Der vielfach preisgekrönte Schriftsteller und Professor Oswald Egger unternimmt in diesem Band einen Selbstversuch: Während eines ganzen Jahres nimmt er sich täglich eine Stunde Zeit, um einen Vierzeiler zu schreiben. Die so entstandenen Gedichte werden in einer mehrspaltigen Tabelle angeordnet und über eine ganze Buchseite verteilt. Dieses an die surrealistische écriture automatique erinnernde Verfahren stellt unsere Lesegewohnheiten infrage - man kann die Gedichte in beliebiger Reihenfolge lesen und auch Verknüpfungen zwischen ihren Worten herstellen. Zugleich werden die Grenzen zwischen Lyrik und Prosa aufgesprengt; die Vierzeiler müssen nicht zwingend linear von links nach rechts gelesen werden, vielmehr erlaubt ihre tabellenartige Anordnung dem Leserblick über die ganze Buchseite zu schweifen.
Ohne theoretische Hinführung ist dieses Werk nicht verständlich. Denn zwischendurch geht es philosophisch zur Sache: Es geht um die Frage nach der Zeit. Die Zeittheorie des Augustinus wird aufgegriffen, Bezüge zur Kunstgeschichte sowie zur Literatur der Romantik sind da und wollen erkannt werden. Kein Werk also, das man einfach so dahin liest.
Besonders anspruchsvoll ist das Spiel mit metrischen Formen.
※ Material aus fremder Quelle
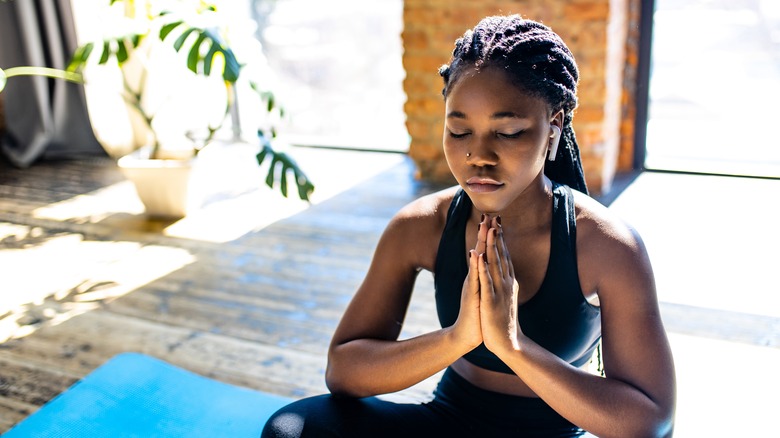 woman meditating in sports bra 
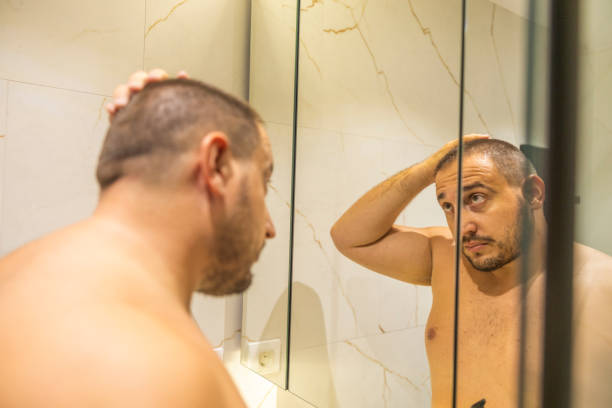 istock Men is looking at the mirror in the bathroom. 2178246416
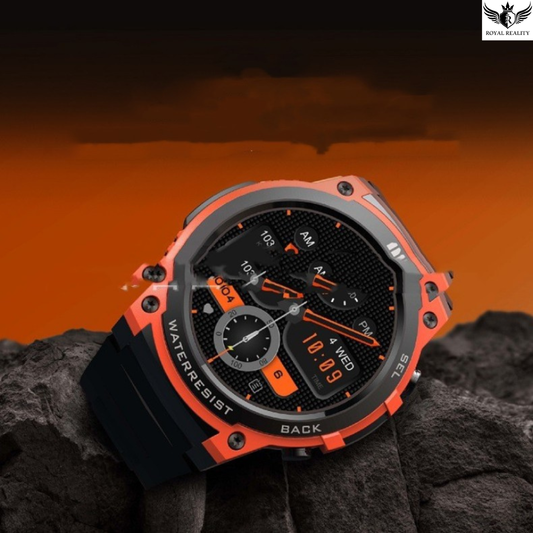 Orange and black watch on a dark surface with an orange gradient background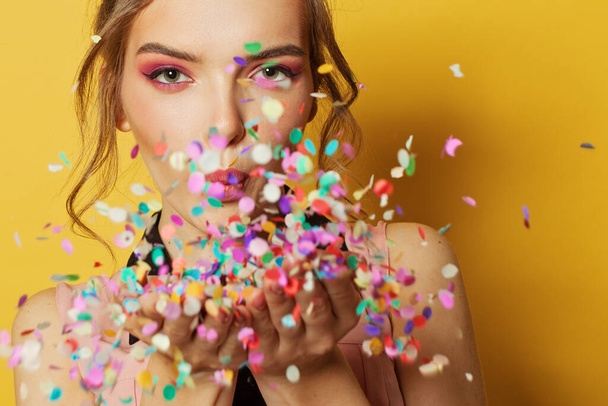 Cheerful woman and colorful confetti, party and holiday background - Foto, imagen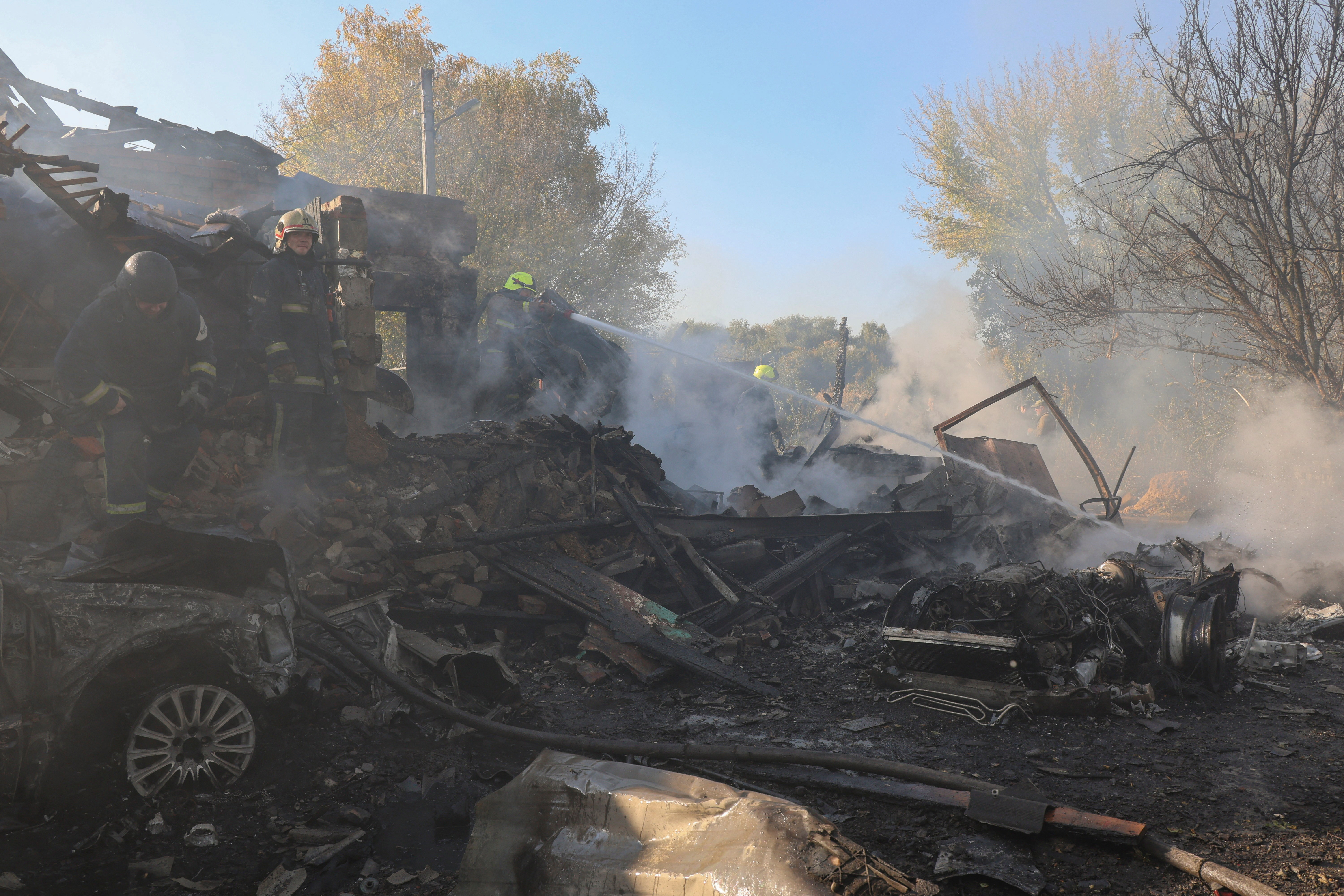 Firefighters work at the site of private houses hit by a Russian air strike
Über weite Strecken ist dieses Buch - das manche als Prosagedicht bezeichnet haben - nicht über die Inhaltsebene zugänglich, sondern einzig über die Dimension der Form, d.h. über Rhythmus, Metrum, Reim und rhetorische Figuren. Man sollte also nicht nur philosophisch, sondern auch literaturtheoretisch, rhetorisch und literaturgeschichtlich ziemlich sattelfest sein, um da noch mitzukommen.
Ein Buch, das wesentliche Kategorien unserer Kultur infrage stellt (Was ist Lyrik? Was Prosa? Was ist Zeit? Wie lese ich?) und neu denkt. 5 Sterne von mir.